### Information given

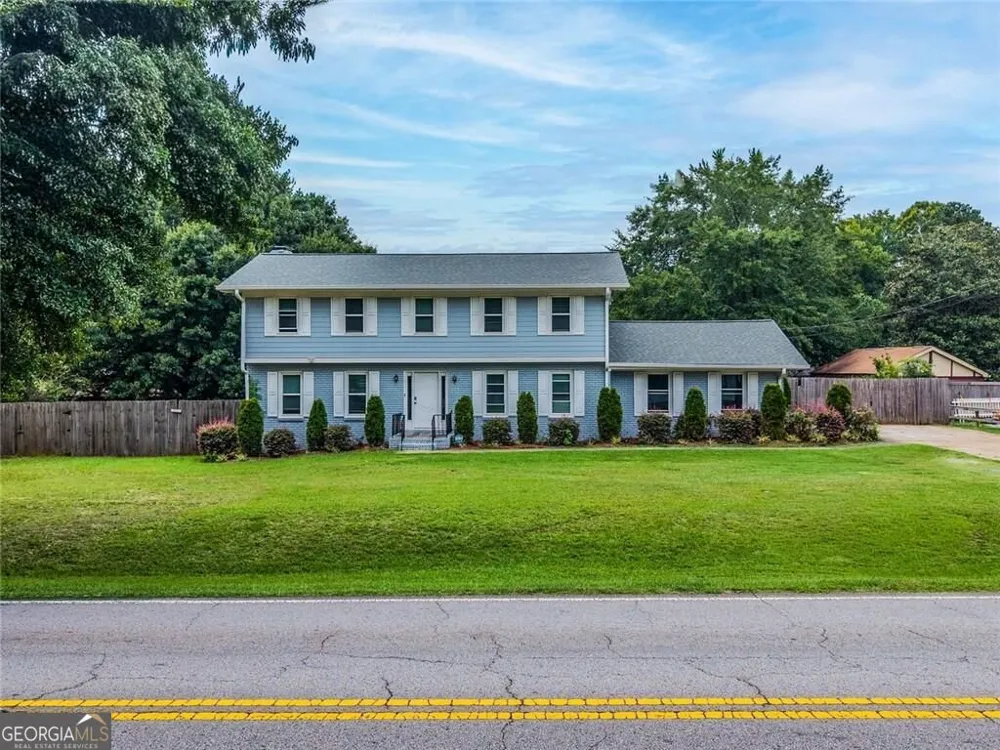 1773 Old Salem RD Conyers, GA 30013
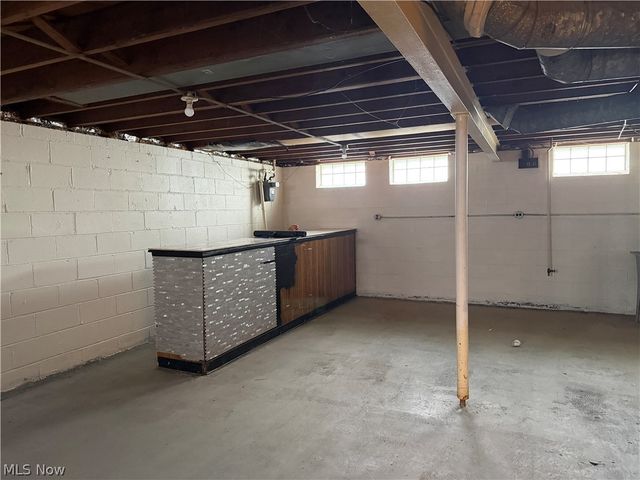 9316 Alexander Road, Garfield Heights, OH 44125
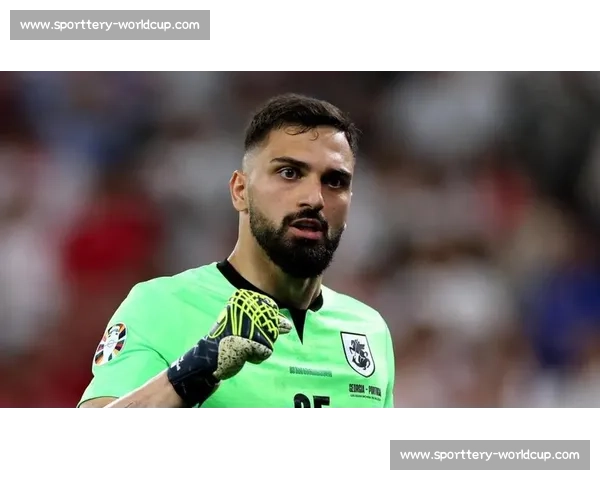 马马尔达什维利深情告别瓦伦西亚，官宣加盟利物浦开启英超新征程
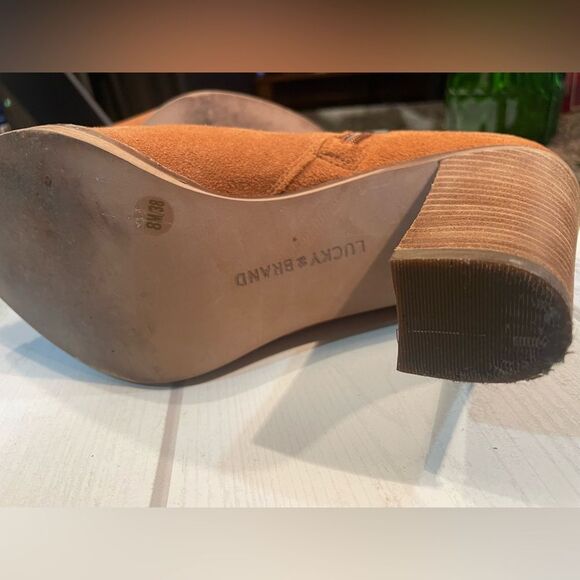 Lucky Brand Boho Cute Cashew oiled Suede Leather Ankle Boots Size 8 Marionn - Picture 11 of 12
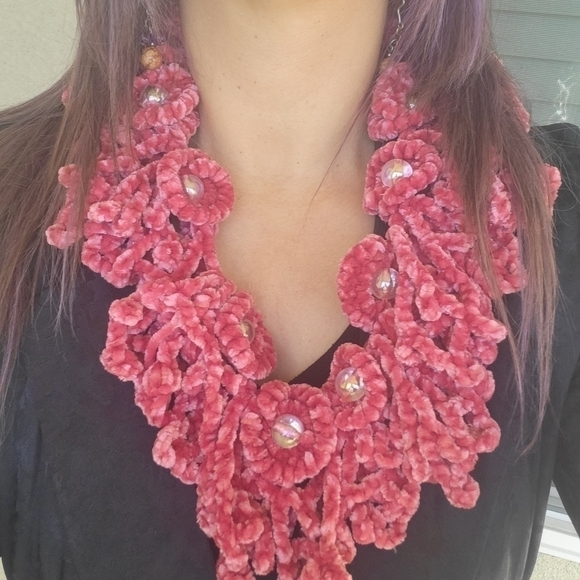 Infinity Scarf-Made 100% by hand. NWT- Frosted Cranberry Color. - Picture 1 of 7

######

§ **Problem to work on**
Pictures are not part of the copy. Extract exactly the lines from the line containing "9316 Alexander Road, Garfield" through the final line of the entries above, both included.

§ **Result of the task**
 9316 Alexander Road, Garfield Heights, OH 44125
 马马尔达什维利深情告别瓦伦西亚，官宣加盟利物浦开启英超新征程
 Lucky Brand Boho Cute Cashew oiled Suede Leather Ankle Boots Size 8 Marionn - Picture 11 of 12
 Infinity Scarf-Made 100% by hand. NWT- Frosted Cranberry Color. - Picture 1 of 7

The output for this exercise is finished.